## Exercise goal
I'd like every entry returned exactly as it is, with the images left out.

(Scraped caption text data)
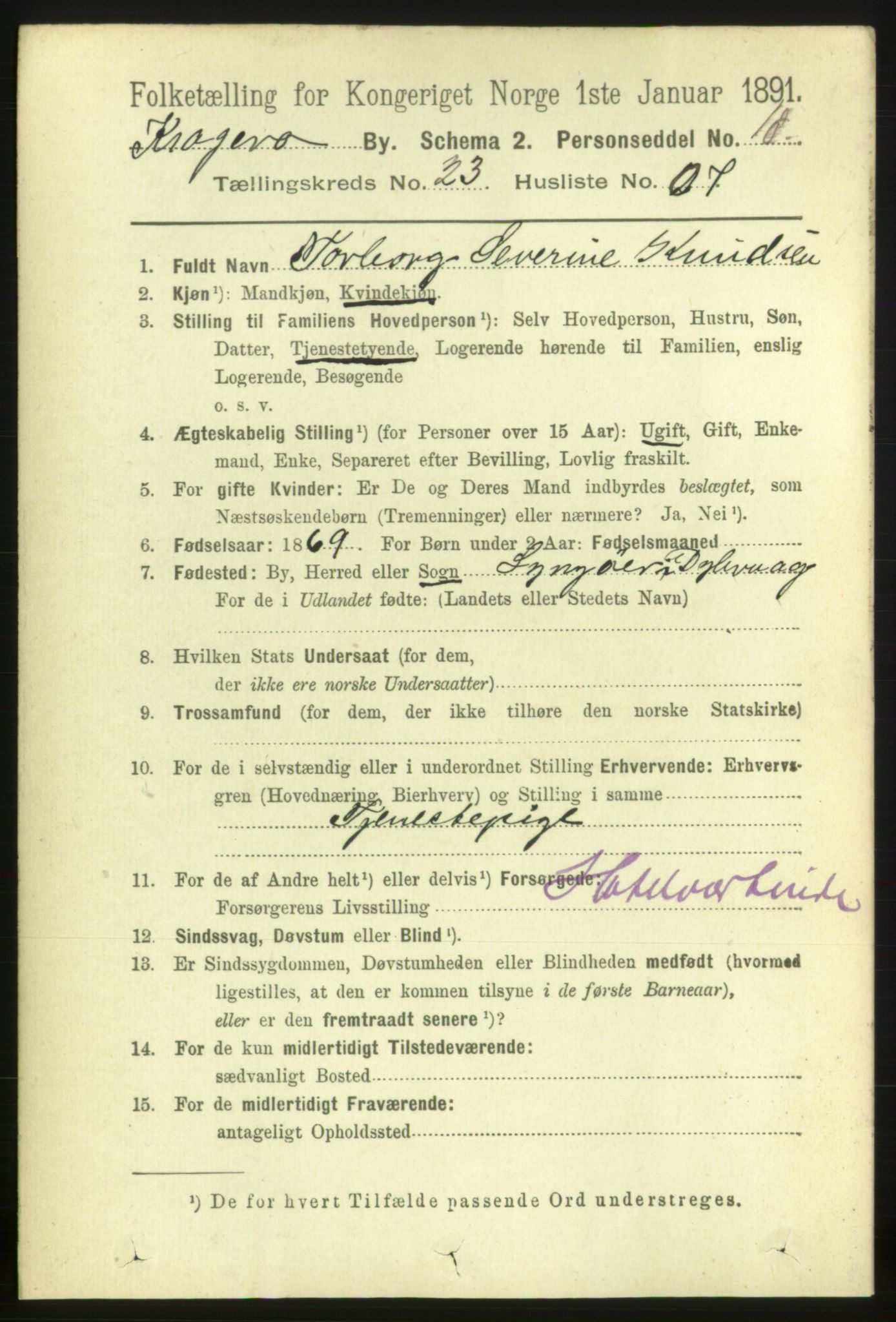 RA, 1891 census for 0801 Kragerø, 1891, p. 4979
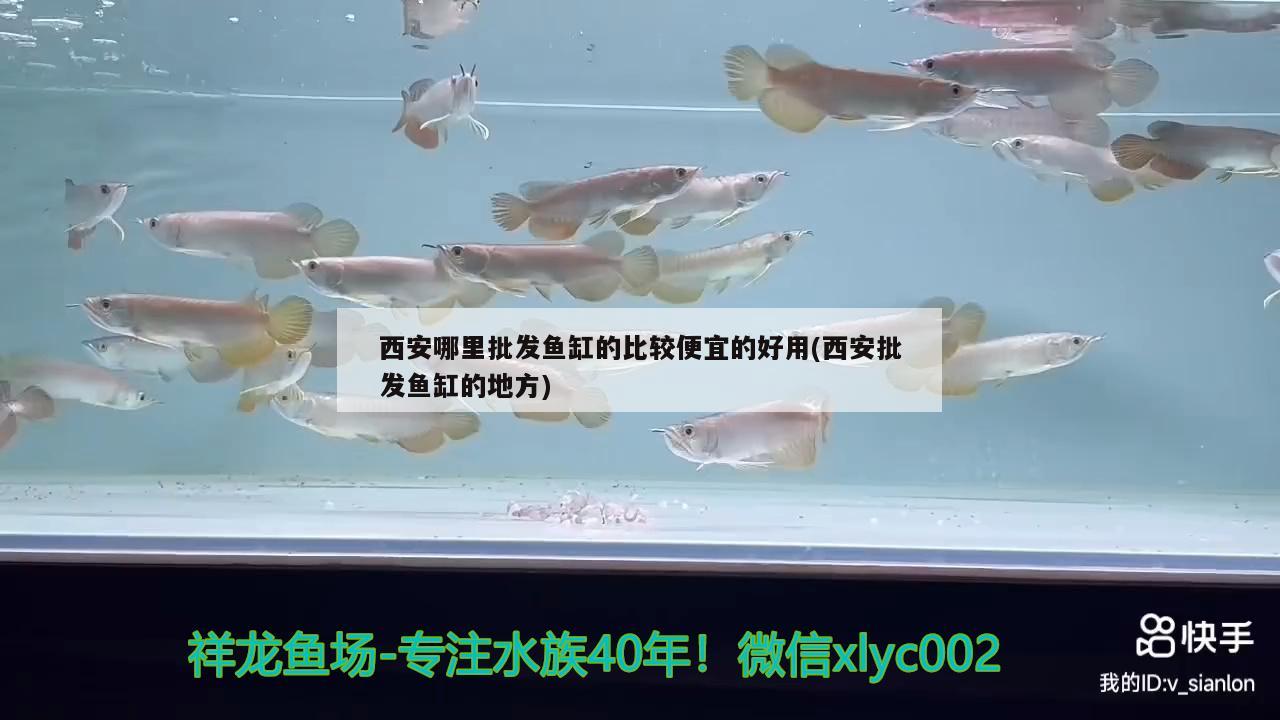 西安哪里批发鱼缸的比较便宜的好用(西安批发鱼缸的地方) 粗线银版鱼苗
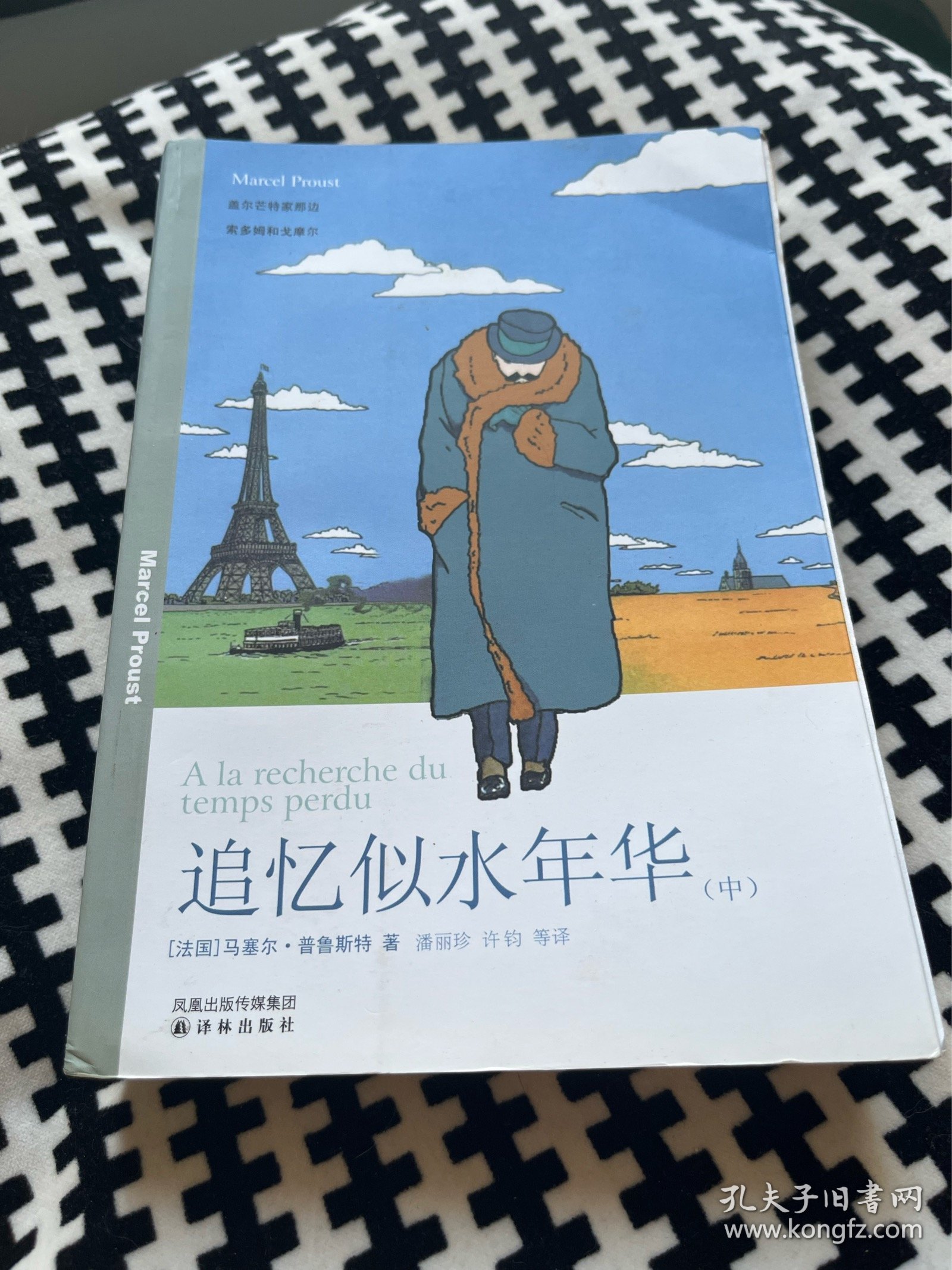 追忆似水年华 中卷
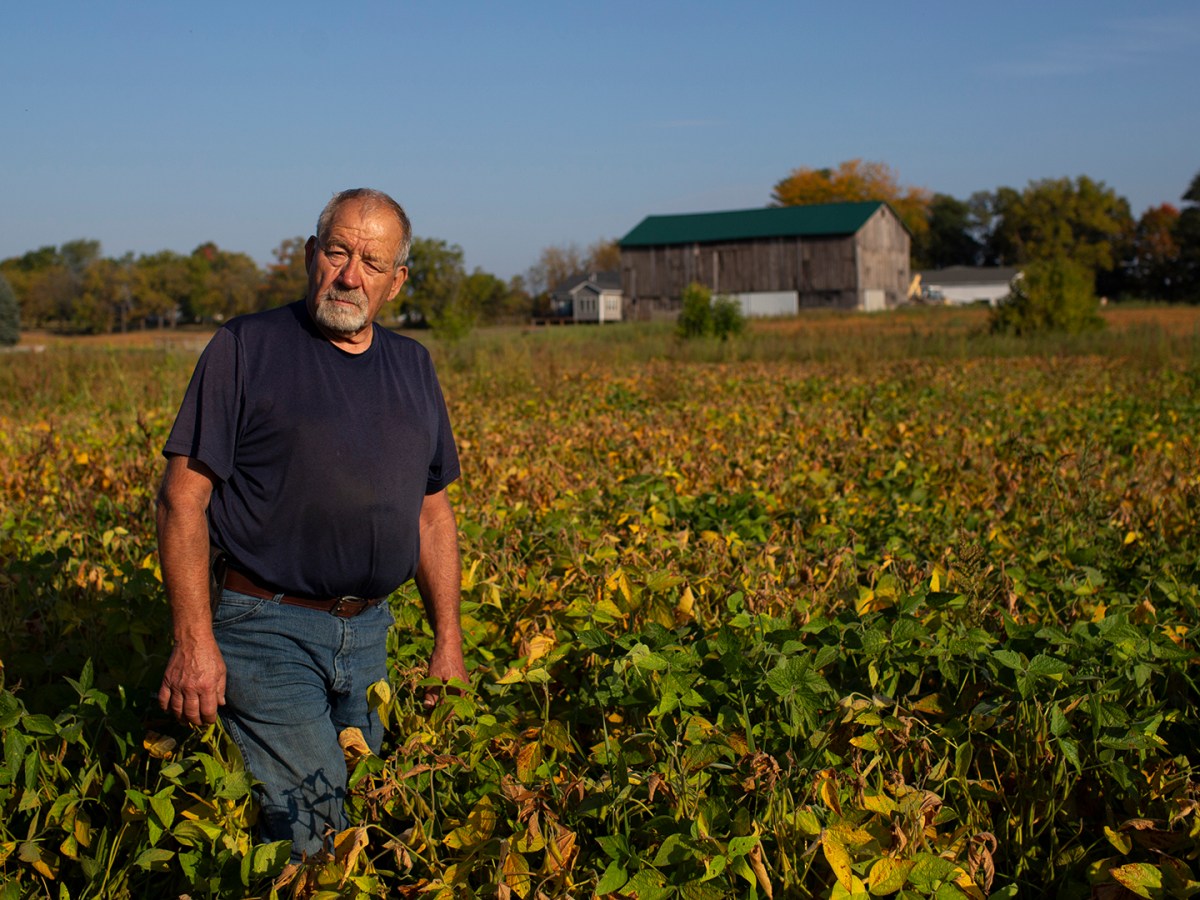 Jim May, owner of May Farms, poses for a portrait in a soybean field at his farm in Sparta, MI.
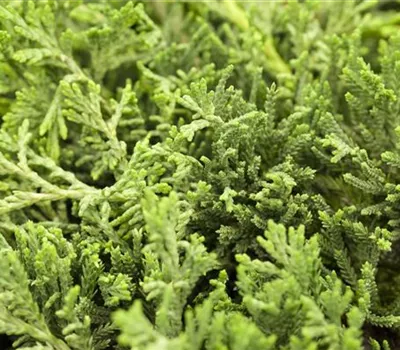 Juniperus horizontalis 'Glauca' Juniperus horizontalis 'Glauca'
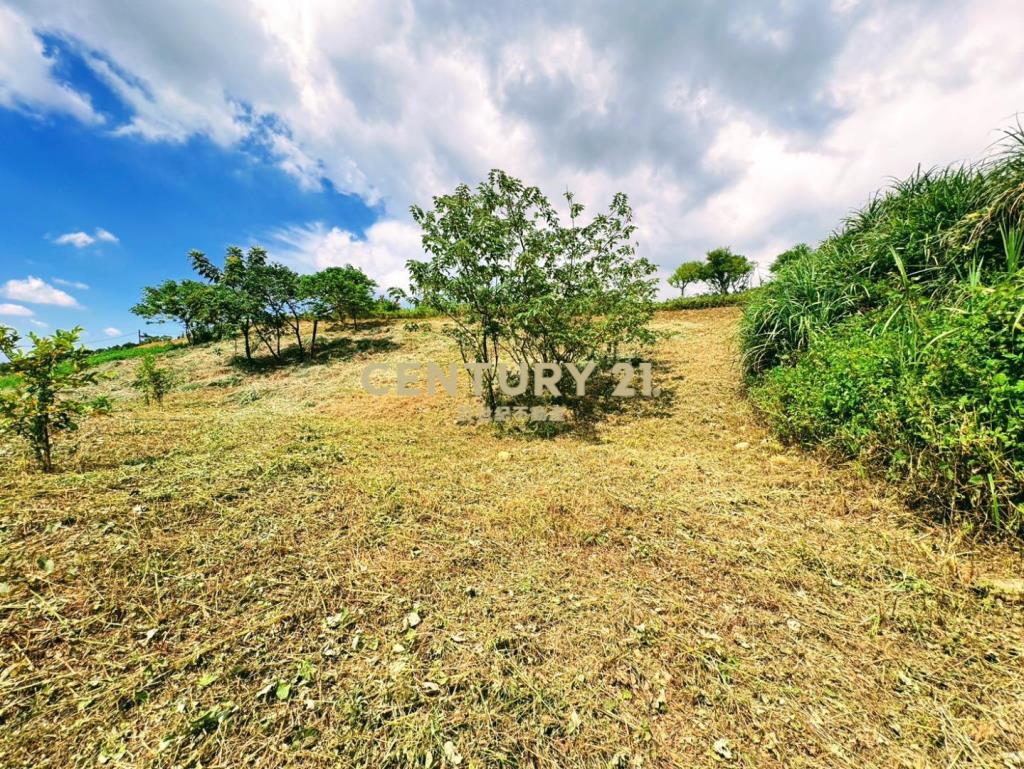 陽光山林旁A13漂亮農地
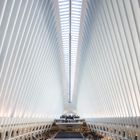 Inside the Oculus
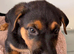 Stunning Rottweiler × German Shepherd Puppies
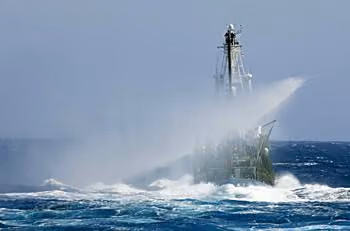 Sea Shepherd ataca baleeiros com jatos d’água.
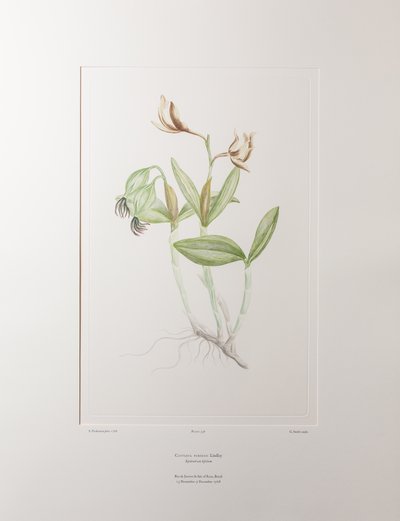 Cattleya forbesii (Orchidaceae) – 358. tábla, Banks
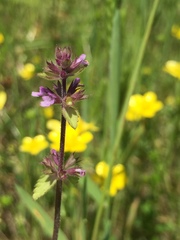 Stachys agraria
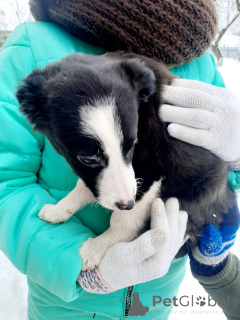 Foto №1. mischlingshund - zum Verkauf in der Stadt Minsk | Frei | Ankündigung № 165470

## Exercise answer
 RA, 1891 census for 0801 Kragerø, 1891, p. 4979
 西安哪里批发鱼缸的比较便宜的好用(西安批发鱼缸的地方) 粗线银版鱼苗
 追忆似水年华 中卷
 Jim May, owner of May Farms, poses for a portrait in a soybean field at his farm in Sparta, MI.
 Juniperus horizontalis 'Glauca' Juniperus horizontalis 'Glauca'
 陽光山林旁A13漂亮農地
 Inside the Oculus
 Stunning Rottweiler × German Shepherd Puppies
 Sea Shepherd ataca baleeiros com jatos d’água.
 Cattleya forbesii (Orchidaceae) – 358. tábla, Banks
 Stachys agraria
 Foto №1. mischlingshund - zum Verkauf in der Stadt Minsk | Frei | Ankündigung № 165470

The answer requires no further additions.